La lluvia en Sevilla

Lo efímero permanente

Sevilla está llamada a ser el ‘photocall’ de la parusía, no podemos permitir que nos arrebaten ese puesto

Hoy hablaré de cosas que no conozco más que de oídas: del alumbrado y de la muerte, asuntos ambos que conciernen a la idiosincrasia de Sevilla en la que perviven trazas del barroco, y es por eso que, aquí, el brillibrilli efímero se entiende por lo bajo con la nada larga y canina.
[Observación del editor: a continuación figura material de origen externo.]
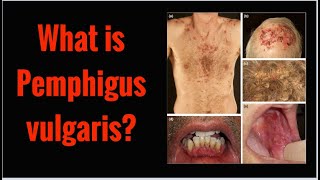 What is PEMPHIGUS VULGARIS Symptoms Causes [upl. by Rosy]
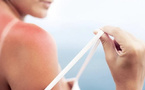 Burn lines : quand le bronzage devient un coup de soleil volontaire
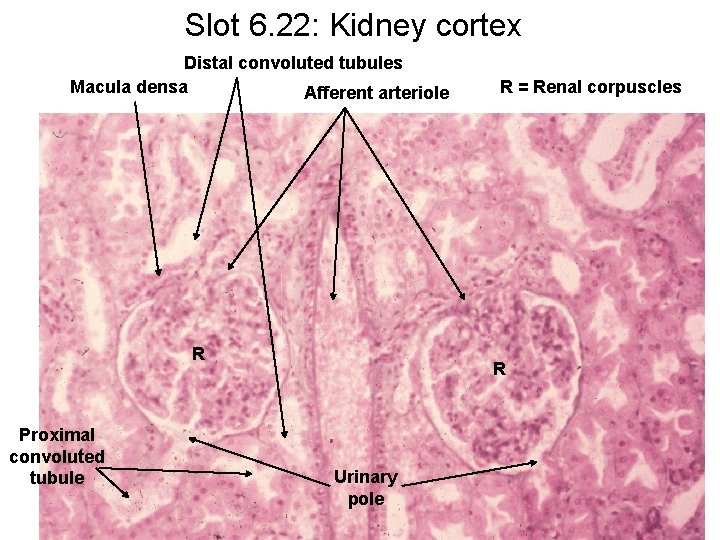 Slot 6. 22: Kidney cortex Distal convoluted tubules Macula densa Afferent arteriole R Proximal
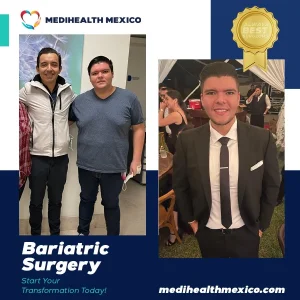 Bariatric Procedure Before and After, MediHealth Mexico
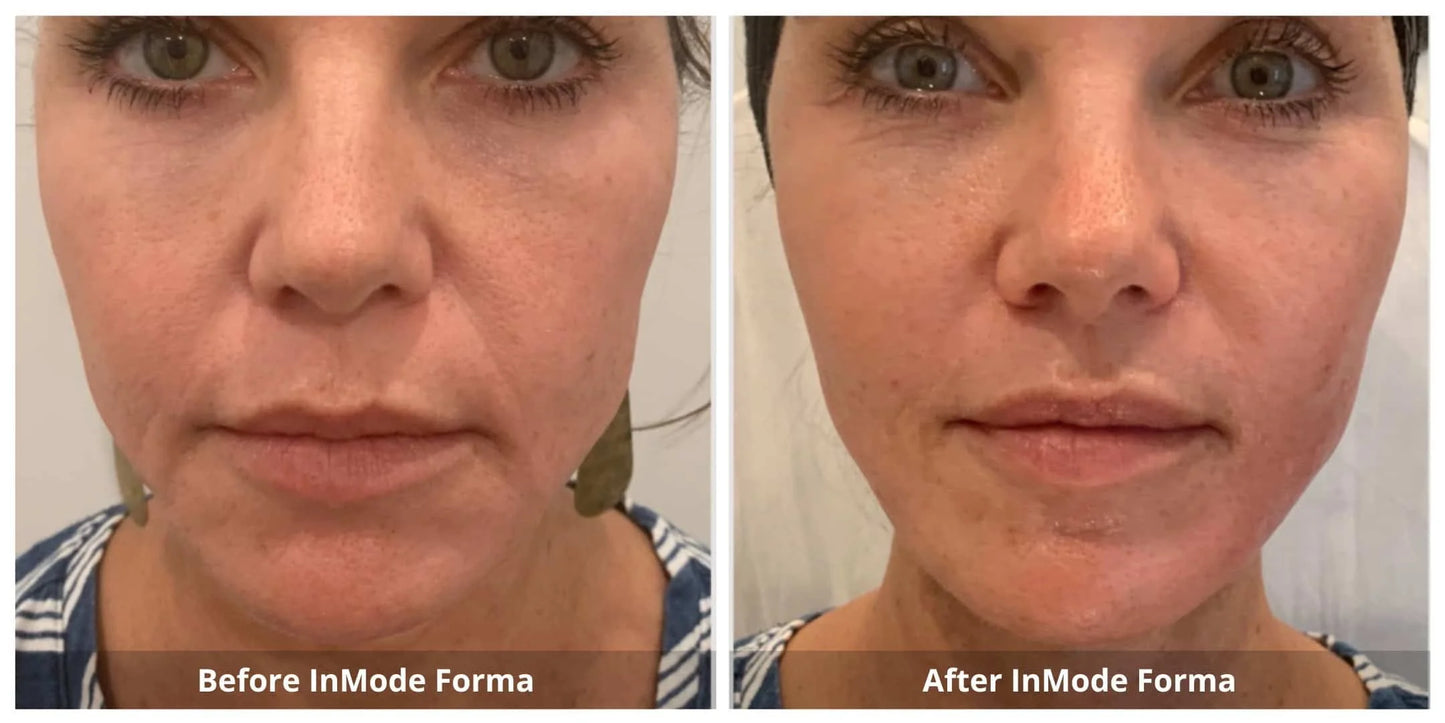 Forma Radiofrequency Skin Tightening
Observen ustedes las vanitas de Valdés Leal.

Es por su destreza con lo efímero y dorado que Sevilla está llamada, muy a mi pesar, a ser el Vigo del Mediodía, a disputarse el primer puesto en el estúpido ranking de la estridencia navideña, el árbol de mentira más grande, la ascensión de las almas por escaleras mecánicas. Lo hemos demostrado en los Grammys: Sevilla está llamada a ser el photocall de la parusía, no podemos permitir que nos arrebaten ese puesto. Somos capaces de recorrer en tiempo récord el camino que va del delicado, casi chinesco, farolillo al foco cegador; del altarcillo de pan de oro al stand propio y de aglomerado en Fitur. Hemos demostrado de sobra que lo efímero aquí es, además de grandioso, nuestro y permanente.
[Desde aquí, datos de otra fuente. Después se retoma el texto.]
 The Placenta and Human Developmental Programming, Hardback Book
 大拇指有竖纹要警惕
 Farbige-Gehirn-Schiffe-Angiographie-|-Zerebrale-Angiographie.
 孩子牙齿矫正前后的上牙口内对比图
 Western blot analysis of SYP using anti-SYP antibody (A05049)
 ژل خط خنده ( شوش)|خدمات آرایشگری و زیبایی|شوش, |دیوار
Les pongo ejemplos. El túmulo a Felipe II, a la vera de la catedral. Qué cosa más grande, qué de columnatas y esculturas. “Voto a Dios que me espanta esta grandeza”, escribió Cervantes en un soneto (con estrambote, para que le cupiese el monumento entero) que acababa incidiendo en lo efímero, con un “…fuese, y no hubo nada”. Más ejemplos: los arcos, colgaduras y juncias del Corpus. La feria que se monta y se desmonta esforzadamente cada primavera. La ampliación de los veladores por el Covid. ¿Cabe ejemplo más grande del eterno efímero sevillano que los veladores ampliados con la pandemia? Nada dura más que lo provisional en Sevilla.
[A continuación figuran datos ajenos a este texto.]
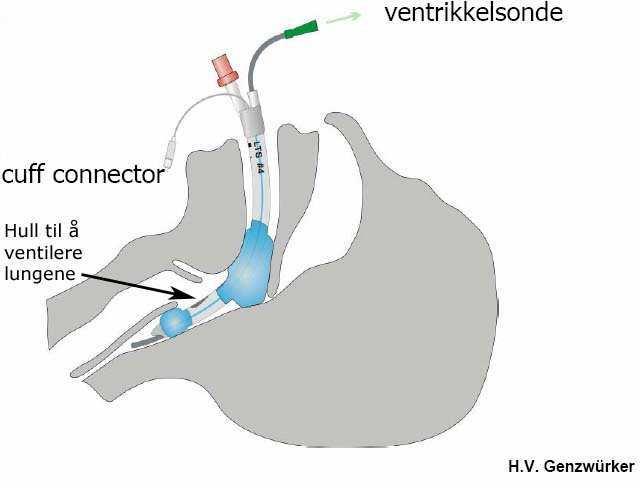 Figur 3. Dersom du er trent med å bruke en supraglottisk device f.eks. larynxtube/laryngsmaske/i-gel, er det en god måte å etablere luftveien på. Helse Bergen har denne som 1.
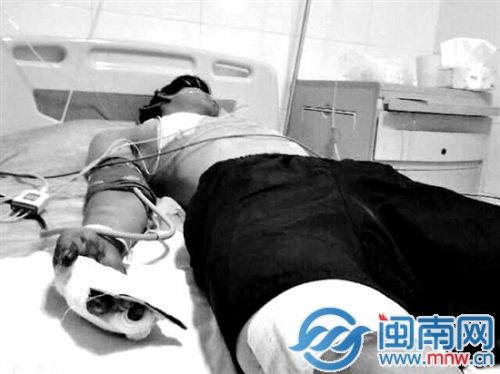 陈晓平被砍得浑身是伤
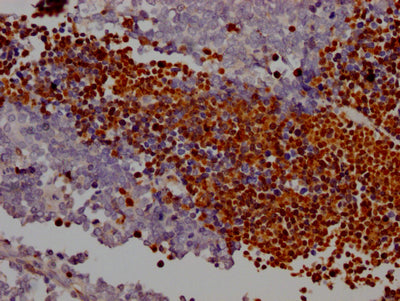 IHC image of RAC07253 diluted at 1:100 and staining in paraffin-embedded human lung cancer performed on a Leica BondTM system. After dewaxing and hydration, antigen retrieval was mediated by high pressure in a citrate buffer (pH 6.0). Section was blocked with 10% normal goat serum 30min at RT. Then primary antibody (1% BSA) was incubated at 4? overnight. The primary is detected by a Goat anti-rabbit IgG polymer labeled by HRP and visualized using 0.05% DAB.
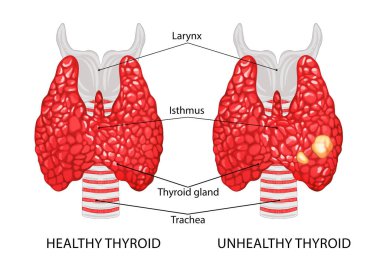 Illustration of healthy and diseased thyroid on white background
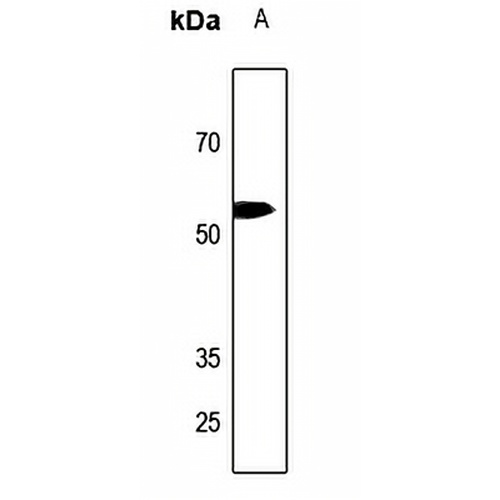 p57 Kip2 Rabbit Polyclonal Antibody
Sucede no sólo que lo efímero en Sevilla es permanente, sino que hay algo de permanente en todo lo efímero, incluso en todo lo que estuvo, o fue, y ya no. Me impresiona observar cómo nombramos, persistentemente, lo que no está: puertas que no existen, el río que ya no corre y más bien un estanque, la Alameda sin apenas álamos blancos, el arco de Troya destruido quizá por algún aqueo… “Coge por aquí, por la Pasarela, hasta el Prado…”, me explica una señora dibujando el aire con el dedo. Lo que el tiempo, más que el viento, se llevó, lo muerto o perdido resiste en pie, a modo de ciudad invisible. Me pregunto si eso es bueno o si acaso nos hace ensoñarnos o, peor, mentir sin querer al hablar de la Sevilla actual a la que poco o nada le va quedando de aquello que se cuenta al filo del tópico... Una cosa es nuestro enganchazo cíclico a lo efímero, brillante y colorista, y otra esta muerte civil, en nombre de una prosperidad más falsa que ojú, que cubrimos de nostalgia y resignación (“ay, patio mío”), y pasamos a otra cosa.